Directions for this task — Give the lines below again exactly, starting with the line that holds "Illustration of the" and going on through the line that holds "Pooper Scooper for".

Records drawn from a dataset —
·····
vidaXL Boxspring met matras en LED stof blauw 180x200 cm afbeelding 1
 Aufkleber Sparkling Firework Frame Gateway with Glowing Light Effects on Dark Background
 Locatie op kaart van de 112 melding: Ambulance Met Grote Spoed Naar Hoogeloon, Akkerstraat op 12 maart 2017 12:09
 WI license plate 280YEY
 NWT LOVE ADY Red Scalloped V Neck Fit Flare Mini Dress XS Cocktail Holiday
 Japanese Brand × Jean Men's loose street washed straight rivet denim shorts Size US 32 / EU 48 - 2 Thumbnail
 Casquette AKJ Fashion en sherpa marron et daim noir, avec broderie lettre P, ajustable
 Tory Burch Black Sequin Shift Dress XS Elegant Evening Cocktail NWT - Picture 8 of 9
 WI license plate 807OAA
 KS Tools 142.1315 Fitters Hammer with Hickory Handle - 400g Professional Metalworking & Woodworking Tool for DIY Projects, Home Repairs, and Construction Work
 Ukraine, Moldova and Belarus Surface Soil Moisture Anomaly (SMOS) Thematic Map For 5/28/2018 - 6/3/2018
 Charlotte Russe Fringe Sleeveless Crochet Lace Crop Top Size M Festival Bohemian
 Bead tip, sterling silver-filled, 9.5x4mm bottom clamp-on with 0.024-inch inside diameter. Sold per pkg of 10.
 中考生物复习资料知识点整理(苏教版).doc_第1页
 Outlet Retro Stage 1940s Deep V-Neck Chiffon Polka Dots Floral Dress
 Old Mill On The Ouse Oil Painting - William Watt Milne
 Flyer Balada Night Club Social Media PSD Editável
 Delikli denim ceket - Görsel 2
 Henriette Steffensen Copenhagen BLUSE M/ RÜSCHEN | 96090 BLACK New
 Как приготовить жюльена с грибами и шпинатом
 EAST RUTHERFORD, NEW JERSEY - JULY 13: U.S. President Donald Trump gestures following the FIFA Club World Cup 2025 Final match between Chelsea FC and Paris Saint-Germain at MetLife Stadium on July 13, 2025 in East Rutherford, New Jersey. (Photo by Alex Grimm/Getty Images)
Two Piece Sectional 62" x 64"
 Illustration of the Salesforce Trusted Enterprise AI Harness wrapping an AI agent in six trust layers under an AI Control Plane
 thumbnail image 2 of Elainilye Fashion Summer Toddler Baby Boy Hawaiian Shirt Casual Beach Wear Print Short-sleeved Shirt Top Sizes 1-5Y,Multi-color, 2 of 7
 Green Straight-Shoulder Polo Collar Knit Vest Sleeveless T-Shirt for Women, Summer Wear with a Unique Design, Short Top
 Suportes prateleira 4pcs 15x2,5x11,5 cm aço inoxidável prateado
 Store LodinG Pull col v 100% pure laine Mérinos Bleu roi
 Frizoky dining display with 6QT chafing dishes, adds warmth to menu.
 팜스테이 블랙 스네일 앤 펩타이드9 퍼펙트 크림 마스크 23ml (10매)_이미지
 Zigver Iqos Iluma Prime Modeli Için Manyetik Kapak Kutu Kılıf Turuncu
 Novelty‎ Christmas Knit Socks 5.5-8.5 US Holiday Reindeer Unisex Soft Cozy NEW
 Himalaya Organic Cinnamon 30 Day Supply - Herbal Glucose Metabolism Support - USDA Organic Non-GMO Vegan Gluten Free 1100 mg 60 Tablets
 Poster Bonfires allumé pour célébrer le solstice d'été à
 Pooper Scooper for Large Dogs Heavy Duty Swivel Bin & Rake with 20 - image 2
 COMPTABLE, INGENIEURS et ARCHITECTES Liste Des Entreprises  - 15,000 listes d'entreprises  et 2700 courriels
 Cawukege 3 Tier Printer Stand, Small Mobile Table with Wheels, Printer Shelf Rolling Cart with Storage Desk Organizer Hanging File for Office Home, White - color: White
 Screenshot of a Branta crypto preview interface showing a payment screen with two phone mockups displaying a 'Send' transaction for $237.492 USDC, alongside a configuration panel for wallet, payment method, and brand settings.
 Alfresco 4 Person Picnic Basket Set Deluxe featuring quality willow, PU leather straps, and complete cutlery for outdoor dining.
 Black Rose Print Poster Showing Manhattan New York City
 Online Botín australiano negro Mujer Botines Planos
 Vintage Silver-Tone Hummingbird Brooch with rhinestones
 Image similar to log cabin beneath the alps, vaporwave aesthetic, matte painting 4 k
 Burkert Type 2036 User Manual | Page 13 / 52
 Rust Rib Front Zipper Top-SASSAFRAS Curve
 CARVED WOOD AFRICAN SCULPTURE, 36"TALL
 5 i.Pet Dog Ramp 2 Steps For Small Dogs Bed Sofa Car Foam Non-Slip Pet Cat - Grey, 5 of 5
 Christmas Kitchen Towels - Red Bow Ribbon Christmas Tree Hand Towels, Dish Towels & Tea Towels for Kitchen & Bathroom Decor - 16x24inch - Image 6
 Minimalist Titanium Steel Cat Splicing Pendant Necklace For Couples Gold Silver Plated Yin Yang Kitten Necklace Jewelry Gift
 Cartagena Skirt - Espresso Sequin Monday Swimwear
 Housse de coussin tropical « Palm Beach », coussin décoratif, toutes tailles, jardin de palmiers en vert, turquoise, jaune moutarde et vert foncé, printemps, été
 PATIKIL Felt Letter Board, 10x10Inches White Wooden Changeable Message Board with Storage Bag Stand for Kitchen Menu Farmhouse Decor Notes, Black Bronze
·····
Exercise solution —
 Illustration of the Salesforce Trusted Enterprise AI Harness wrapping an AI agent in six trust layers under an AI Control Plane
 thumbnail image 2 of Elainilye Fashion Summer Toddler Baby Boy Hawaiian Shirt Casual Beach Wear Print Short-sleeved Shirt Top Sizes 1-5Y,Multi-color, 2 of 7
 Green Straight-Shoulder Polo Collar Knit Vest Sleeveless T-Shirt for Women, Summer Wear with a Unique Design, Short Top
 Suportes prateleira 4pcs 15x2,5x11,5 cm aço inoxidável prateado
 Store LodinG Pull col v 100% pure laine Mérinos Bleu roi
 Frizoky dining display with 6QT chafing dishes, adds warmth to menu.
 팜스테이 블랙 스네일 앤 펩타이드9 퍼펙트 크림 마스크 23ml (10매)_이미지
 Zigver Iqos Iluma Prime Modeli Için Manyetik Kapak Kutu Kılıf Turuncu
 Novelty‎ Christmas Knit Socks 5.5-8.5 US Holiday Reindeer Unisex Soft Cozy NEW
 Himalaya Organic Cinnamon 30 Day Supply - Herbal Glucose Metabolism Support - USDA Organic Non-GMO Vegan Gluten Free 1100 mg 60 Tablets
 Poster Bonfires allumé pour célébrer le solstice d'été à
 Pooper Scooper for Large Dogs Heavy Duty Swivel Bin & Rake with 20 - image 2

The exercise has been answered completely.